Implementation:NVIDIA TransformerEngine Ops BasicLinear
| Field | Value |
|---|---|
| Sources | TransformerEngine |
| Domains | Deep_Learning, PyTorch, Quantization, Distributed |
| Last Updated | 2026-02-07 14:00 GMT |
Overview
Core fusible operation implementing a linear transformation (y = xA^T) without bias, serving as the fundamental GEMM building block in the ops framework.
Description
Manages weight parameters with support for tensor parallelism (column and row modes), sequence parallelism, FP8 quantized weights, and Megatron-LM integration. Forward pass calls general_gemm with optional FP8 quantization of inputs/weights, all-gather for column TP, and reduce-scatter for sequence parallelism. Backward pass computes dgrad and wgrad GEMMs with support for gradient accumulation into main_grad, quantized compute, and asynchronous communication overlap. Provides static _functional_forward and _functional_backward methods used by both this op and fused operations.
Usage
The most important operation in the ops framework. Nearly every Transformer layer uses linear transformations.
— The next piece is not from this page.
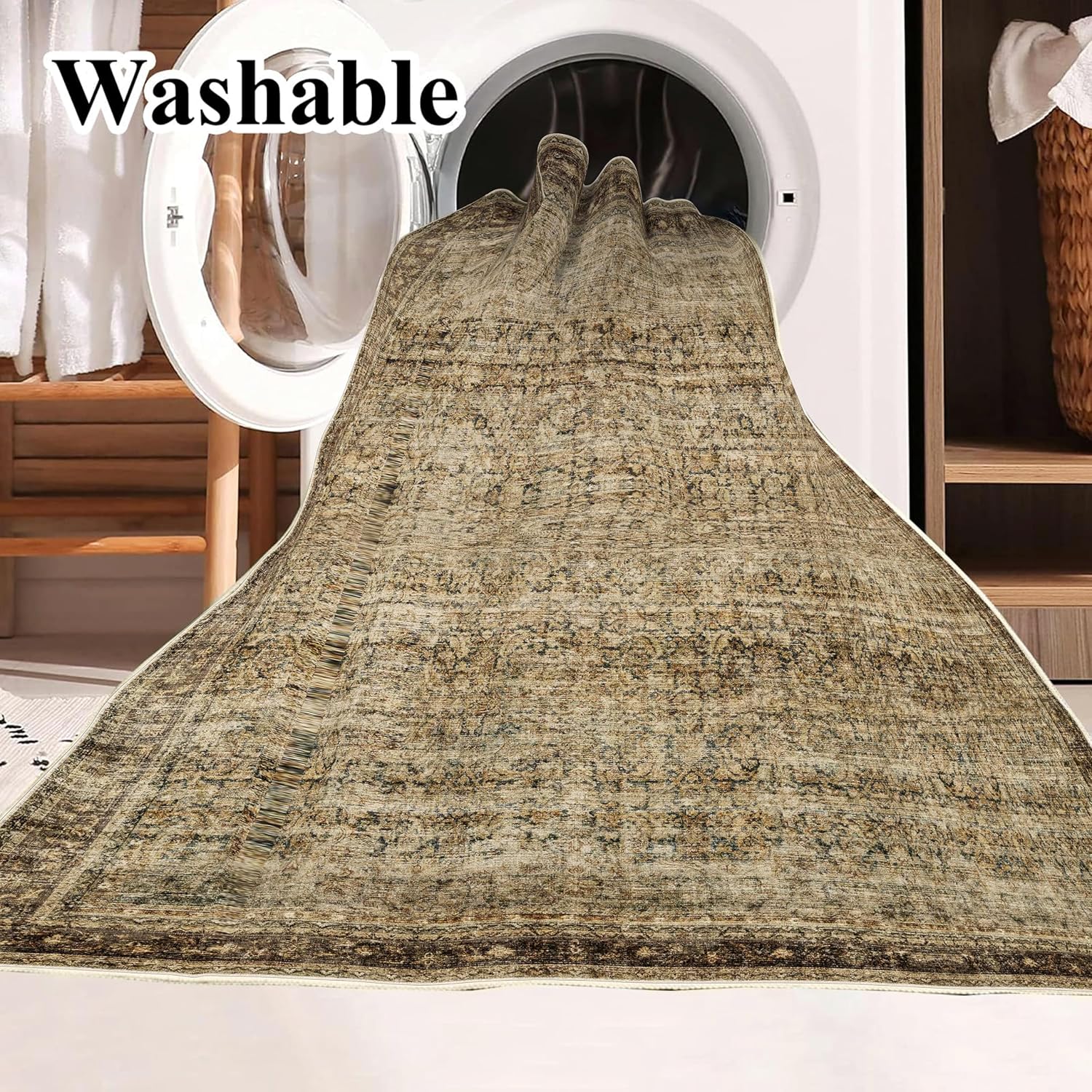 Detalle 2 de CHAMPLANT Area Rug 8x10 Brown Vintage Rug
This handles all the complexity of distributed, mixed-precision, FP8-accelerated matrix multiplications.
Code Reference
Source Location
- Repository
NVIDIA/TransformerEngine- File
transformer_engine/pytorch/ops/basic/basic_linear.py- Lines
- 1--1075
Signature
class BasicLinear(BasicOperation):
def __init__(
self, in_features, out_features,
device=None, dtype=None,
tensor_parallel_mode=None,
tensor_parallel_group=None,
sequence_parallel=False, ...
): ...
def op_forward(self, ctx, input, ...): ...
def op_backward(self, ctx, grad_output): ...
@staticmethod
def _functional_forward(input, weight, ...): ...
@staticmethod
def _functional_backward(grad_output, input, weight, ...): ...
Import
from transformer_engine.pytorch.ops.basic import BasicLinear
I/O Contract
Inputs
| Name | Type | Required | Description |
|---|---|---|---|
| input | torch.Tensor |
Yes | Input tensor of shape (..., in_features) |
| in_features | int |
Yes | Input feature dimension |
| out_features | int |
Yes | Output feature dimension |
| tensor_parallel_mode | str |
No | "column" or "row" tensor parallelism |
| tensor_parallel_group | ProcessGroup |
No | Distributed process group for TP |
| sequence_parallel | bool |
No | Whether to use sequence parallelism |
Outputs
| Name | Type | Description |
|---|---|---|
| output | torch.Tensor |
Result of linear transformation, shape (..., out_features) |
Usage Examples
from transformer_engine.pytorch.ops.basic import BasicLinear
# Create a basic linear op for column-parallel TP
linear = BasicLinear(
in_features=1024,
out_features=4096,
tensor_parallel_mode="column",
tensor_parallel_group=tp_group,
)
# Use in an operation pipeline
output = linear(input_tensor)